Segment Start: DATA FOR THIS TASK
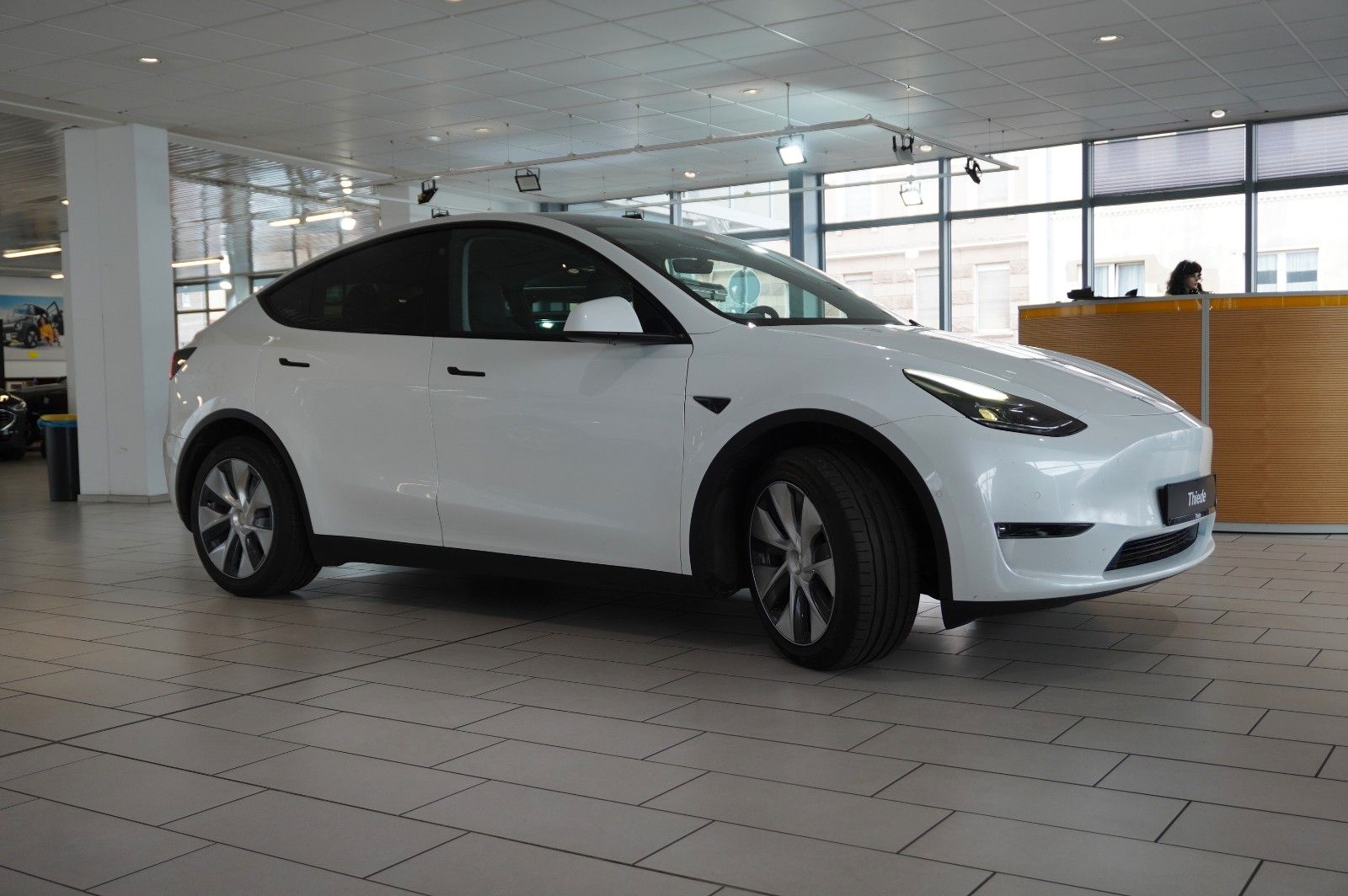 Tesla Model Y LONGRANGE DUAL-MOTOR NAVI LED KAMERA DAB foto 7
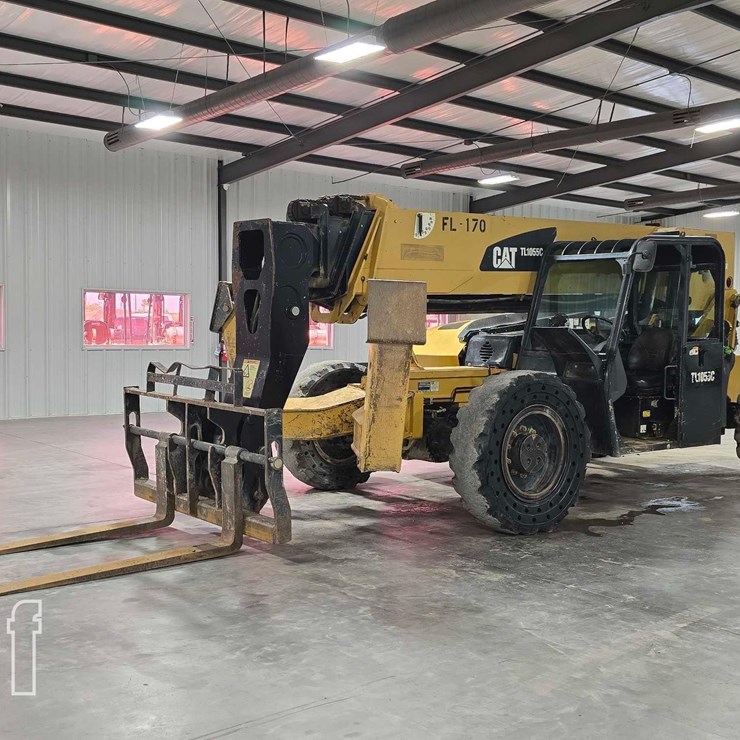 2013 CATERPILLAR TL1055C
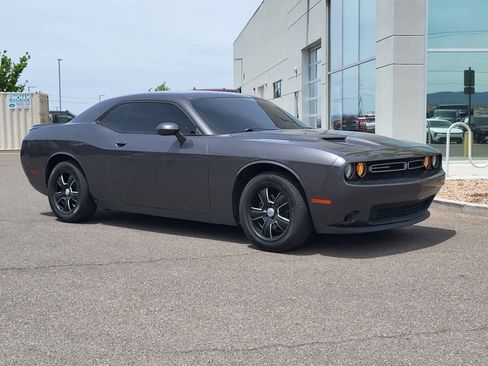 Used 2019 Dodge Challenger SXT RWD image 3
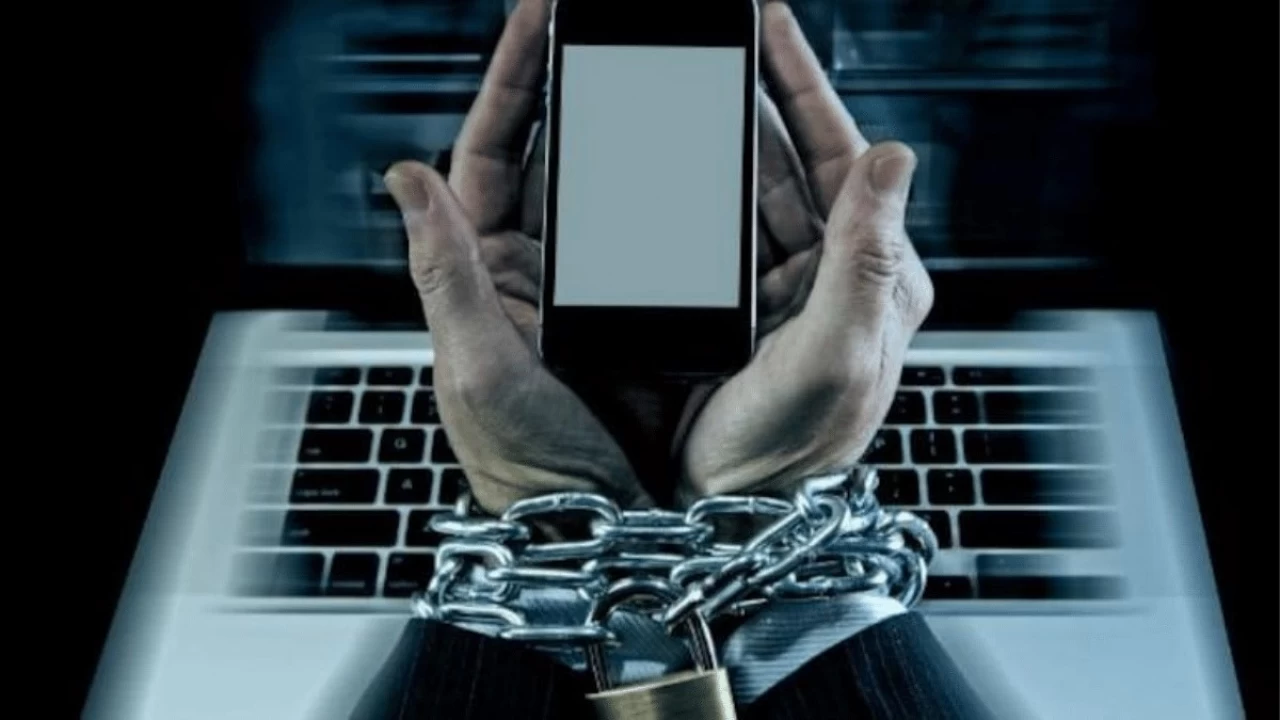 İnternet bağımlılığı vücut dengesini bozuyor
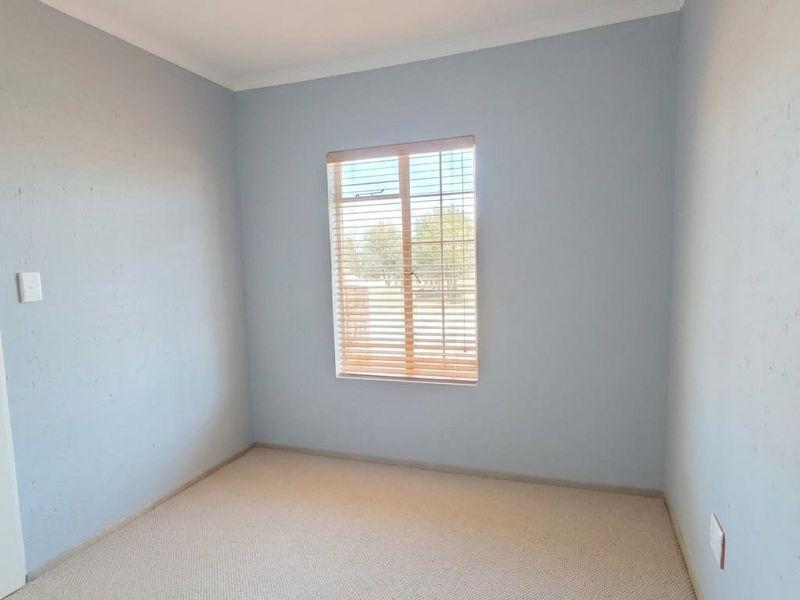  Beautiful second floor 2-Bedroom Apartment for Rent - Photo 4
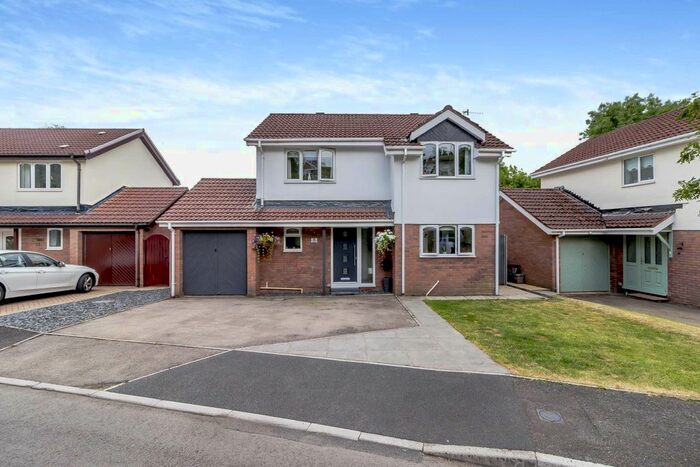 3 Bedroom Detached House For Sale In Usk Vale Court, Pontypool, Torfaen, NP4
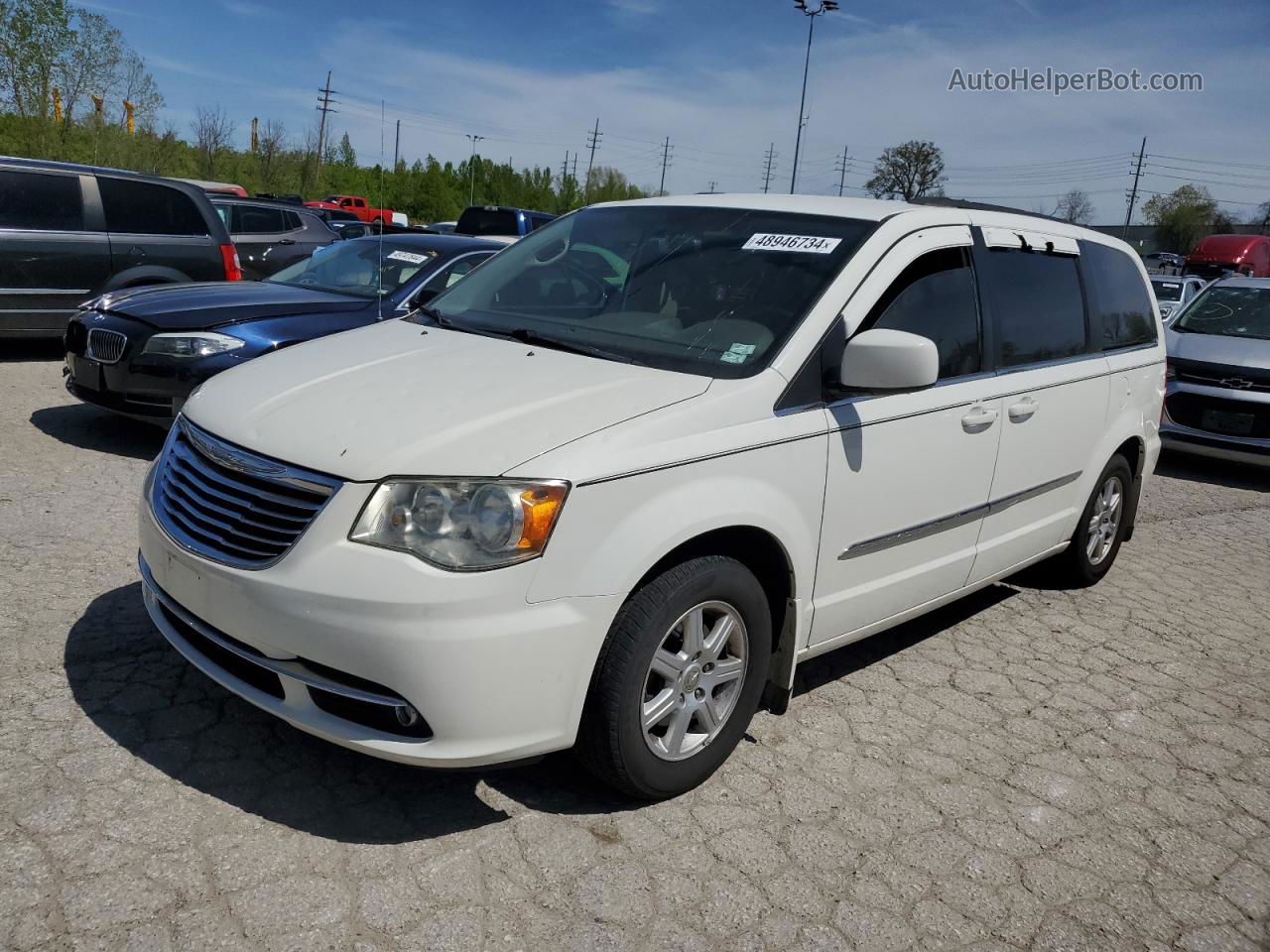 2011 Chrysler Town & Country Touring White vin: 2A4RR5DG3BR698270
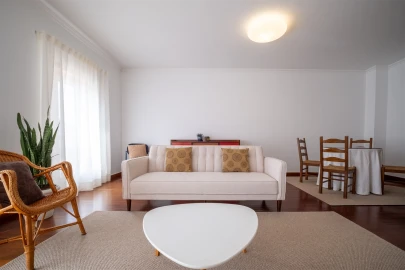 Apartamento T3 para Arrendamento em Santo Antonio dos Olivais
Segment End: DATA FOR THIS TASK
EXERCISE REQUIREMENTS | Give back only the lines from the one that carries "Beautiful second floor" through the final line above, both included. Drop all pictures.

REPLY |
  Beautiful second floor 2-Bedroom Apartment for Rent - Photo 4
 3 Bedroom Detached House For Sale In Usk Vale Court, Pontypool, Torfaen, NP4
 2011 Chrysler Town & Country Touring White vin: 2A4RR5DG3BR698270
 Apartamento T3 para Arrendamento em Santo Antonio dos Olivais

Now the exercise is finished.